Were there women deacons in the early Church?
Question: I was speaking to a friend of mine and the subject of women deaconesses came up. He says we never had deaconesses in the Church. I disagree. He is a good friend, but I think he is misinformed.
— Marie Spicuzza, via email
Answer: Some of it comes down to language. Were women in the early Church called “deaconesses?” It would seem so. However, there is no evidence that they were ever ordained, and it is inaccurate to simply equate these deaconesses with the office of deacon. So, linguistically, the term “deacon” can be used in a formal sense to mean an ordained man who is a deacon. But the term “diakonia” can also mean service, servant or ministry. Hence, today we often speak of “altar servers” or the ministry of lector, or of extraordinary ministers of holy Communion, but these are not ordained ministers, as we all know.
The term “deaconess” is found in the Eastern Churches but not generally in the West. Deaconesses existed in numerous roles, primarily to preserve the modesty of women at baptism, which were conducted by immersion and with little clothing. They may also have assisted women in the liturgy, especially in those areas where men and women sat separately (usually on different sides of the nave). It also seems they assisted women in the Church community in those matters that propriety suggested were better done by women (such as visitation of the sick). In the early Church, the term may also have been used to refer to the wife of a deacon, and there might have been some association of deaconesses with the early forms of religious life as “enrolled widows” (cf. 1 Tm 5:9, Ti 2:3). But again, there is no evidence that the term “deaconess,” used explicitly or implicitly in reference to these women, was understood as an ordained clerical function. On the other hand, the male deacons are spoken of as having an office and had hands laid on them, a sign of ordination (cf. Acts 6:6).
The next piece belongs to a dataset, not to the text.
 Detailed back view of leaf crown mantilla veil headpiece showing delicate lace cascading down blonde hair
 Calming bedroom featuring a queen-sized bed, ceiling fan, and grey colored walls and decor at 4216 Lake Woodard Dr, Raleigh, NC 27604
While there are ongoing calls to further study the possibility of women deacons, such studies have already and recently been done. In 2002, the Vatican’s International Theological Commission (ITC) studied the matter and issued a document, “From the Diakonia of Christ to the Diakonia of the Apostles.” In it, the ITC held that the deaconesses of early Church history “were not purely or simply equivalent to the deacons.” In effect, there is no substantial evidence of ordained women deacons in the early Church.